French Sans-Culottes in the UK

We seek out other French men and women who have left their mark in the United Kingdom and don’t have an aristocratic background.

Ho Chi Minh (1890 – 1969)

Now most of you are thinking he was Vietnamese and you would be right, but we’ve managed to sneak him onto our list (by the fact that he was a founding member of the French Communist Party) as otherwise we wouldn’t be able to relate the story of him working in the kitchens of the Drayton Court Hotel in West Ealing. He arrived in London in 1913 and probably started working there in 1914.

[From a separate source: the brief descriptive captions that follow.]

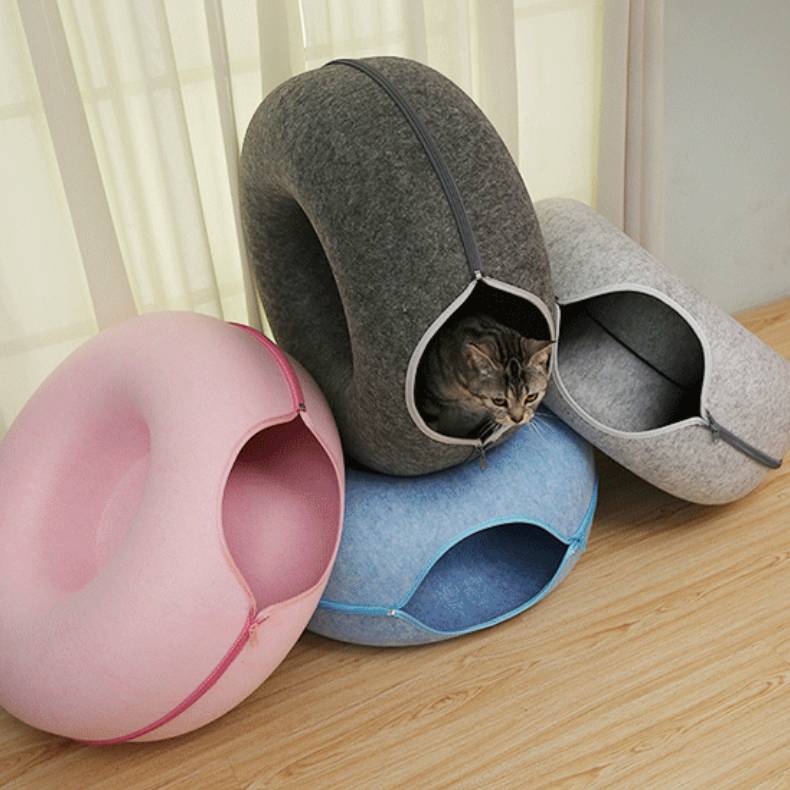 Lit Tunnel Donut pour Chat – Feutre Naturel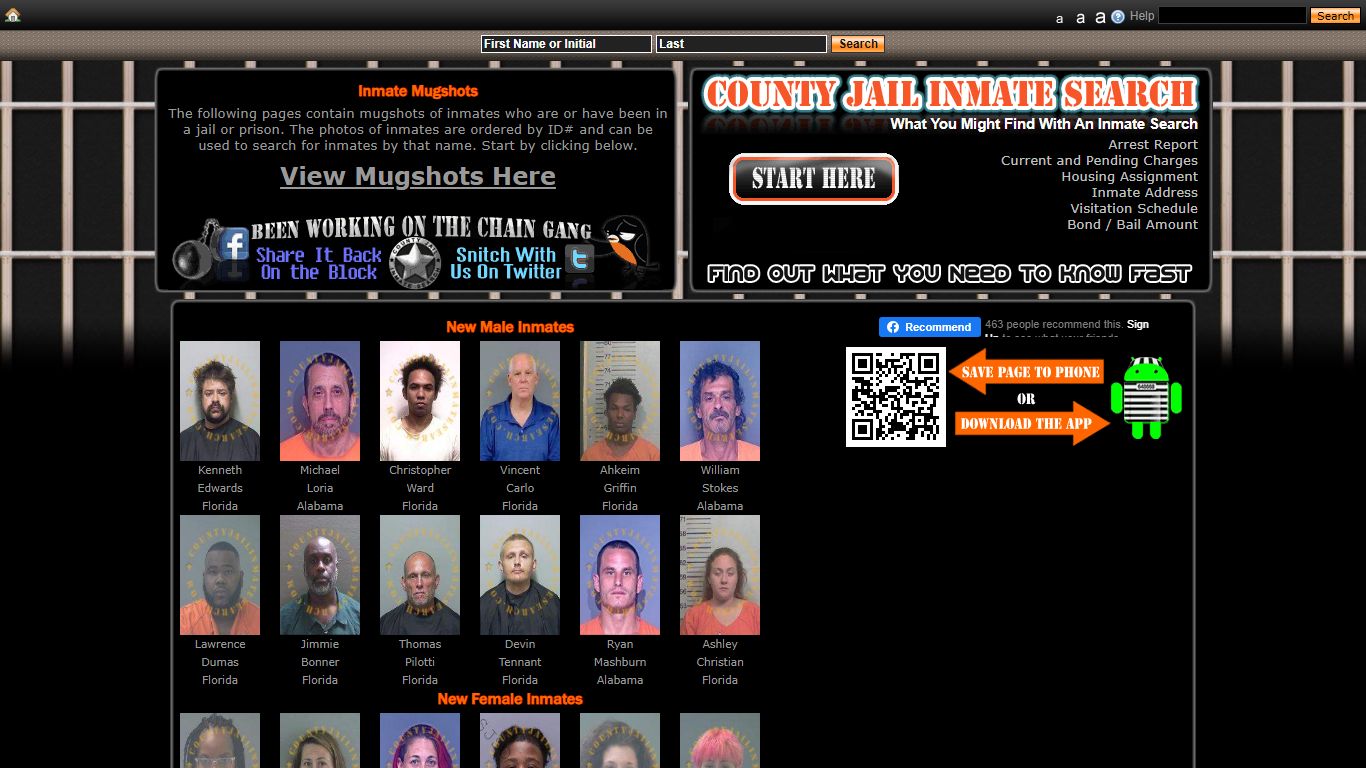 Recent Arrest Mugshots And Inmate Search - County Jail Inmate Search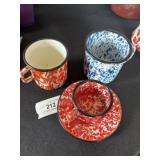(3) Agate/Graniteware Cups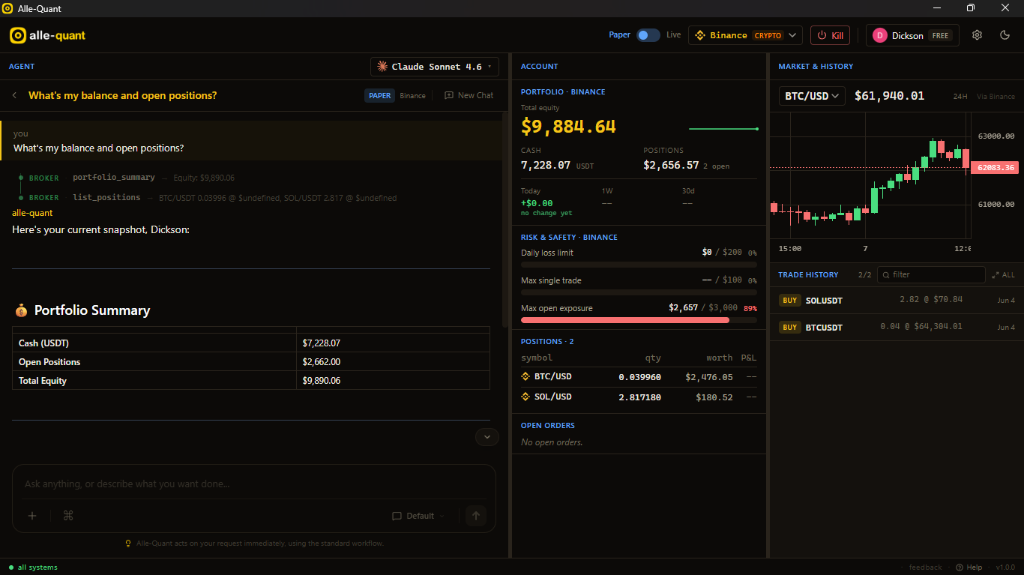 Account balance natural language query in Alle-Quant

If you want to create your own “Ho Chi Minh” trail then visit the site of the old Carlton Hotel on the corner of Haymarket and Pall Mall, where he worked as a pastry chef. There is a Blue Plaque there on the side of New Zealand House, the home of the New Zealand High Commission.

Sometime after he was also employed as a pastry chef on the Newhaven–Dieppe ferry route, and apparently there is a monument to him in Newhaven’s local museum.

Lucien PISSARO (1863 – 1944)

He was the son of the more famous painter Camille PISSARRO and lived at Hill Cottage, Hewood in the village of Thorncombe(!) for the last years of his life. Like so many others he came to London in 1863 to escape political upheaval in France. Lucien was a painter in his own right and became a leading member of the Camden Group of painters. For more details see Heather ROUGHTON’s article which is to be found on the Thorncombe Village Trust‘s website.

“Grandmere” (? – ?)

This grave is in (Hanwell) City of Westminster Cemetery. The grand daughter was Jeanne Georgette LAWTON 1891-1974. Her maiden name was Perrouas and she married Kingsley Eric Lawton in St Martins, Central London in 1922. Her husband was a dentist in Ealing and obtained his qualifications in Paris in 1912.

Joseph Henri Motschviller

His grave is to found in (Hanwell) Kensington & Chelsea Cemetery. He was born in France. He was a hairdresser as was his son Luigi. His wife Marie was born in London. At the time of his death (1919) they were living at 134 Holland Park Avenue.